Burning Hearts: Easter and Restoring All Things (Homily)

Homily for the Third Sunday of Easter

Mosaic (6th century), Church of Sant’Apollinare Nuovo, Ravenna, Italy
Mosaic (6th century), Church of Sant’Apollinare Nuovo, Ravenna, Italy (photo: Register Files)

This is the prepared text for my homily for the Third Sunday of Easter, preached at the 10:30 AM Mass at St. John’s in Orange, New Jersey.

Some of the thoughts here were inspired by an essay on “The Necessity of the Resurrection” by my daughter Sarah, published at her blog Gilded Weavings. — SDG


The disciples’ hearts were burning as Jesus opened the scriptures to them, St. Luke tells us. And at the end of St. Peter’s sermon in the first reading, from the Acts of the Apostles (also by St. Luke), we learn that the people were cut to the heart.

Burning hearts; cut to the heart.
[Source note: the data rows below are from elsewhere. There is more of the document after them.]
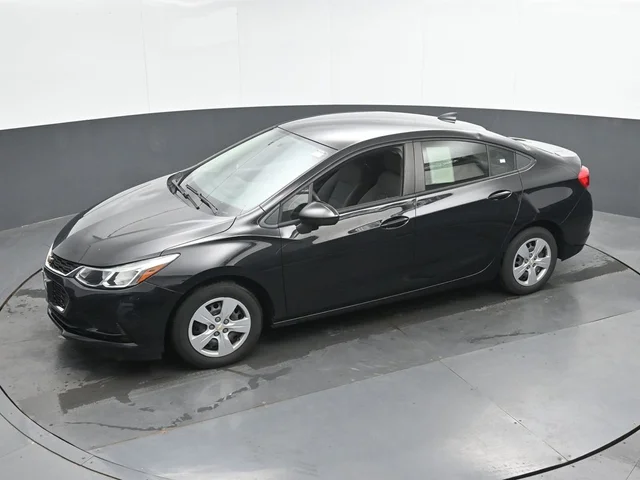 SEMINUEVOS CHEVROLET Cruze a Estados en autogozo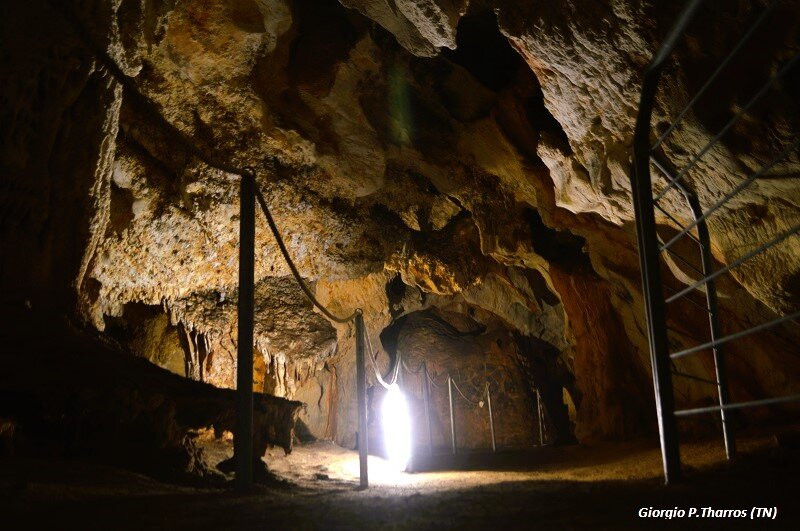 Corbeddu Cave-Oliena必去景点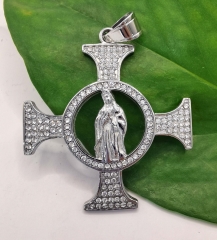 Stainless steel jewelry Pendants Wholesale
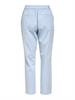 OBJMIA RE CHINO HW PANT NOOS kentucky blue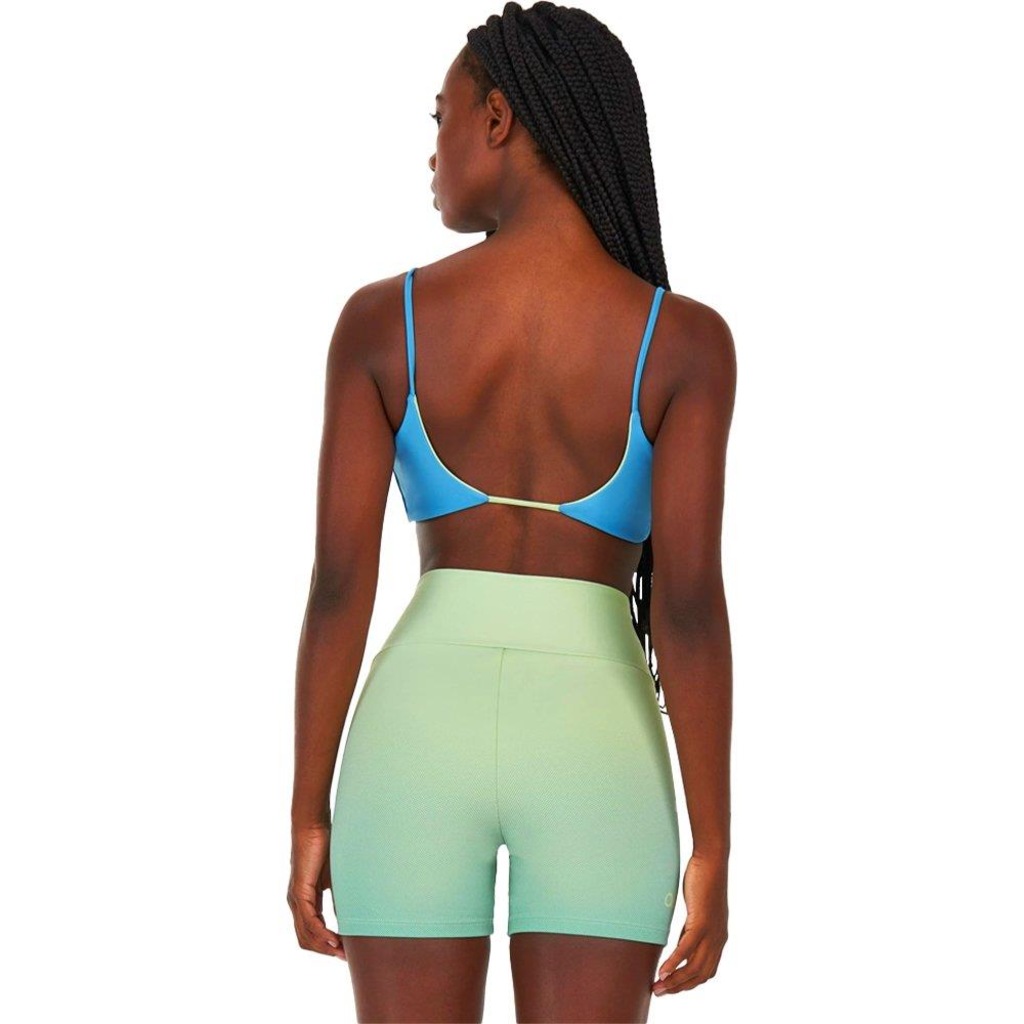 Imagem 2 do produto Top Alto Giro Dupla Face - Feminino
That’s the power of the Gospel when God’s power is at work in the preacher and the hearers. It puts a little pressure on me and on all of us, doesn’t it? Will there be any burning hearts, any cutting to the heart, here today? It can be inconvenient! Those two disciples had been planning to turn in for the night; instead, they up and returned to Jerusalem, seven miles away. And for three thousand people listening to Peter’s sermon, it transformed their lives forever. We might have plans this afternoon, this week. God might have different ones. Are we open to what he may have to say to each of us today?

As we read today about Peter preaching in Jerusalem to Jewish pilgrims — some of whom possibly cheered for Jesus at the Triumphal Entry on Palm Sunday, which we celebrated three weeks ago; some of whom possibly called for Jesus’ crucifixion on Good Friday — something related is happening in our world this very weekend. The successor to St. Peter, Pope Francis, is in another great Middle-eastern capital city — Cairo, the capital of Egypt — also surrounded by people who confess the God of Abraham. A few of them are Jews (not many). More are fellow believers in Jesus: Coptic Christians, including Coptic Catholics as well as Coptic Orthodox. And of course the vast majority are Muslims, followers of Muhammad.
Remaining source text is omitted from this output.